Re: [syzbot] KCSAN: data-race in start_this_handle / start_this_handle

Marco Elver <elver@xxxxxxxxxx> · Thu, 11 Mar 2021 16:54:43 +0100

+Cc Paul

On Thu, 11 Mar 2021 at 16:30, Theodore Ts'o <tytso@xxxxxxx> wrote:
>
> On Thu, Mar 11, 2021 at 04:08:30PM +0100, Marco Elver wrote:
> > If the outcome of the check does not affect correctness and the code is
> > entirely fault tolerant to the precise value being read, then a
> > data_race(!journal->j_running_transaction) marking here would be fine.
>
> So a very common coding pattern is to check a value w/o the lock, and
> if it looks like we might need to check *with* a lock, we'll grab the
> lock and recheck.  Does KCSAN understand that this sort of thing is
> safe automatically?

It doesn't -- these are concurrency patterns that go way beyond the
scope of a data race detector. The main problem, as always with such
patterns, is that in one case it seems fine, yet in the next it isn't.
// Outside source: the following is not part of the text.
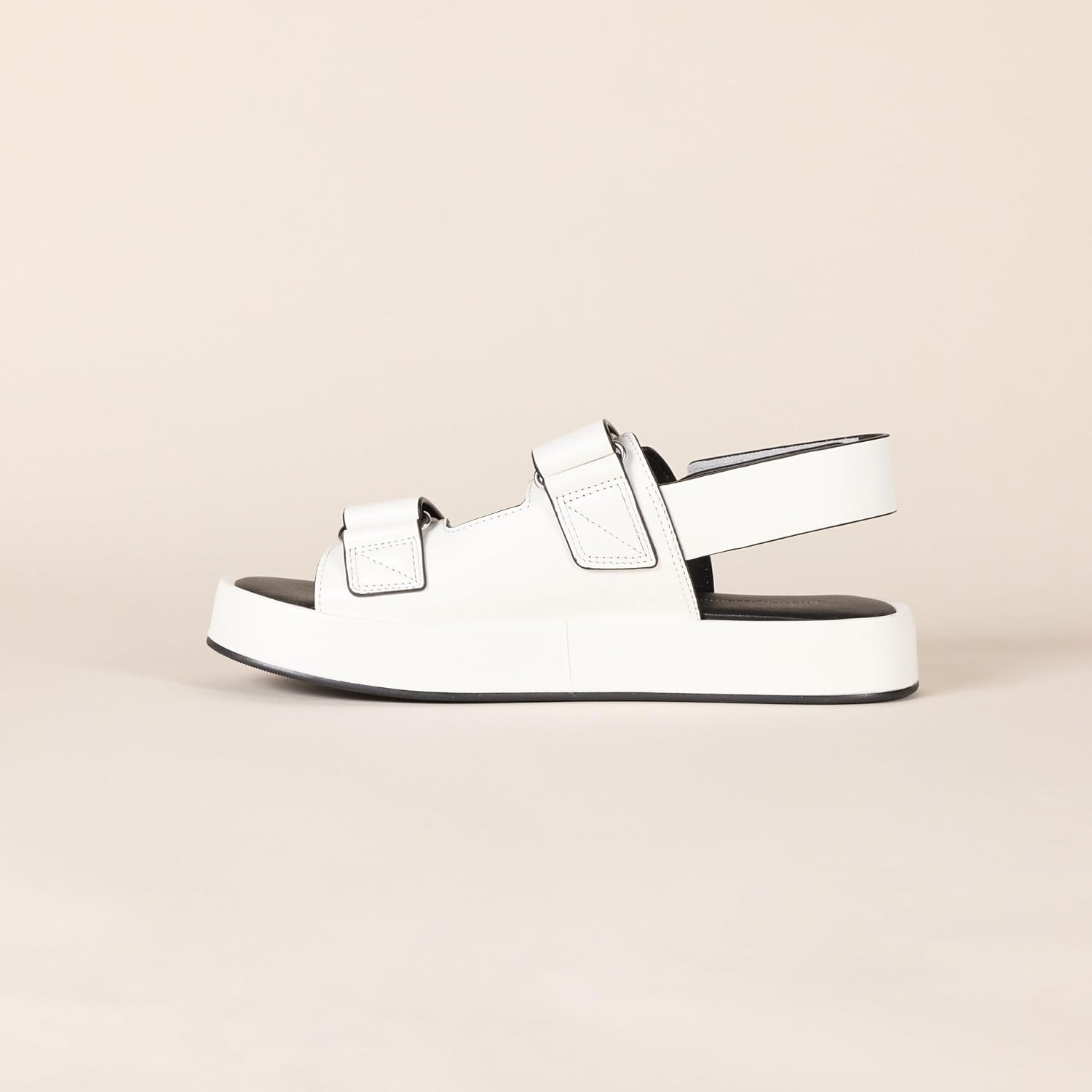 Amazon Essentials Women's Adjustable Triple Strap Flat Platform Sandals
> In thie particular case, it's a bit more complicated than that; we're
> checking a value, and then allocating memory, grabbing the spin lock,
> and then re-checking the value, so we don't have to drop the spinlock,
> allocate the memory, grab the lock again, and then rechecking the
> value.  So even if KCSAN catches the simpler case as described above,
> we still might need to explicitly mark the data_race explicitly.
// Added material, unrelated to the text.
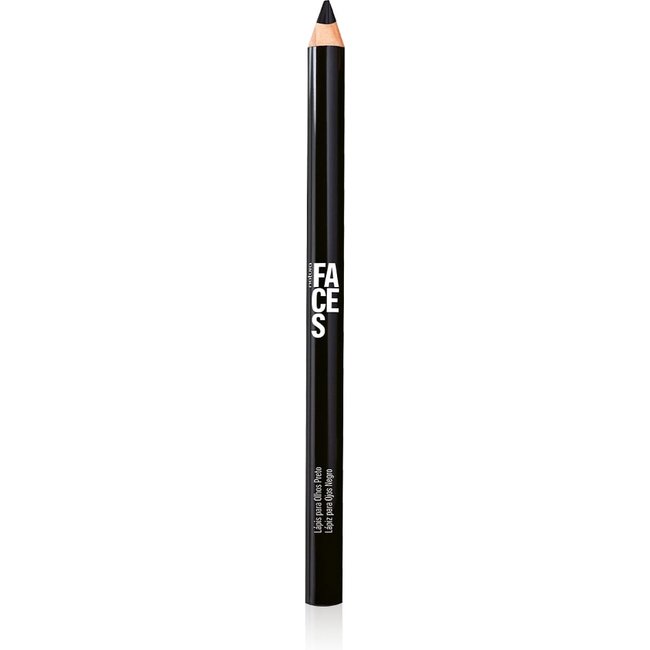 Lápis para Olhos Preto Faces 1,3 g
This seems like a variation of double-checked locking.

> But the more we could have the compiler automatically figure out
> things without needing an explicit tag, it would seem to me that this
> would be better, since manual tagging is going to be more error-prone.
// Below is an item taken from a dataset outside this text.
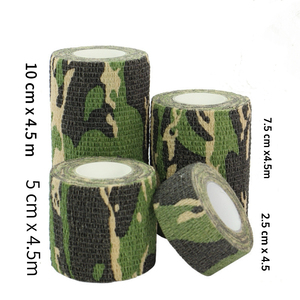 เทปพันแผลลายพรางแบบยืดหยุ่นชนิดไม่ทอ สำหรับกีฬาและการดูแลหลังสัก - Product Image 6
What you're alluding to here would go much further than a data race
detector ("data race" is still just defined by the memory model). The
wish that there was a static analysis tool that would automatically
understand the "concurrency semantics as intended by the developer" is
something that'd be nice to have, but just doesn't seem realistic.
Because how can a tool tell what the developer intended, without input
from that developer?

If there's worry marking accesses is error-prone, then that might be a
signal that the concurrency design is too complex (or the developer
hasn't considered all cases).

For that reason, we need to mark accesses to tell the compiler and
tooling where to expect concurrency, so that 1) the compiler generates
correct code, and 2) tooling such as KCSAN can double-check what the
developer intended is actually what's happening.

Thanks,
-- Marco